殉難地である如来堂の方へ入ってゆくと、いちばん手前に西を向いた地蔵二つ。
奥に如来堂か。
だいぶ傷んでいるようす…💦
ここに生えるイチョウの大木がスゴい🌲
如来堂のイチョウとして、自然景観指定緑地となっているらしい。
如来堂の奥には八幡神社がある。
さて本丸だが、私有地で入ることはできないので、周囲を通る道から塁壁などを遠望することになる。
殉難地へ100mの案内から少し近づいたあたりから望む本丸は、まったく雑木林…
しかし、その中に埋もれている土塁らしい高まりは、4メートルほどの高さがあるようで、しかも南西あたりはほぼ完全に残っているようだ。
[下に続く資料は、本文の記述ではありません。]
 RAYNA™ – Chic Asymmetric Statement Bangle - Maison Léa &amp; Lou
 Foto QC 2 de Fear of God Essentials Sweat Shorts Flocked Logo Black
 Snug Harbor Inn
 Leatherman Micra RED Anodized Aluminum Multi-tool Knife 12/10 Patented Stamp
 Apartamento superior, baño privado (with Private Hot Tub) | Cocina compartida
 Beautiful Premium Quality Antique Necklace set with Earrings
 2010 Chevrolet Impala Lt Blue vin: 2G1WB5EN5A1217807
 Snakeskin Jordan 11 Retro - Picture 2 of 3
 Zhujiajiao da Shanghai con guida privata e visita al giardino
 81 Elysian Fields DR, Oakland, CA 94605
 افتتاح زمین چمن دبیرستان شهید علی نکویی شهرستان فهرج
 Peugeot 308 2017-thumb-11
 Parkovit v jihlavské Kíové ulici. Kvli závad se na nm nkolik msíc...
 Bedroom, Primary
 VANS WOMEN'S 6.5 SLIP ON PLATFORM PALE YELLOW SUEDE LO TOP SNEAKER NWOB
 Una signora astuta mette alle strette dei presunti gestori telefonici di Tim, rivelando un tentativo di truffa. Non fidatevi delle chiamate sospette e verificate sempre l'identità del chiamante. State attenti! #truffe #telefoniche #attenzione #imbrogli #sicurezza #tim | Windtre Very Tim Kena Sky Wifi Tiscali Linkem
少し行ったところのここは、本丸の南西側で堀を渡っていた土橋の名残か…
今は中に小さな墓地があり、そこへの道になっている。
今の田んぼの畔などは城の縄張りとは合っていないようで、本丸の西側で堀の痕跡を探しても今ひとつ分からないが、正面に見える本丸の西の方をなぞるように手前から伸びていたのだろうか…
北西の端まで行くと、天守閣予定地の木碑が立っていた。
土を積みかけだったのか、奥は高くなっているが手前側は低い。
ここから北西の方に目をやると、こんもりとした土盛りが見える。
あれは二の丸北西土塁だという。
入口のある西の方へ回り込んで、奥に高瀬の大木を従えて。
この土塁にも西から入る事ができる。
天端が墓地になっているようなので、これまたサッと見てゆくだけにする。
高さ4メートル、堤脚の広がりは20メートルぐらいあるか。
さて、向こうに見える高瀬の大木でラストにするか。
ここは二の丸の北東の隅にあたる。
近づいてゆくと、確かに土盛りされていた。
なるほど土塁だったらしい。
裏側へ回ると、城の説明板があった。
戦後くらいまでは本丸と二の丸の二重四角形が上空から見えるほど残っていたらしい。
ここは東側から登ることが出来る。
高瀬の大木はこの巨大なケヤキで、神指城築城のときに土塁にしたところに生えていた大木という。
幹の太さがスゴイわ…😮
大木の前のあずまやから南の方を見ると、確かに土塁の天端。
今は私有地立入禁止となった本丸と周囲の二の丸土塁の断片ぐらいしか残っていない神指城。
戦後に痕跡の大半を消し去った圃場整備などを恨めしく思うか、城の規模や完成予想図などを妄想できる形にうまく残ったと思うか…
ともかくも、歴史に1ページを刻んだ城の遺構が今も残っていることだけは、間違いないようだ。
★神指城
福島県会津若松市
車を停める場所なし。天守閣予定地前の進入禁止柵の直前に停めて短時間で見て回るか。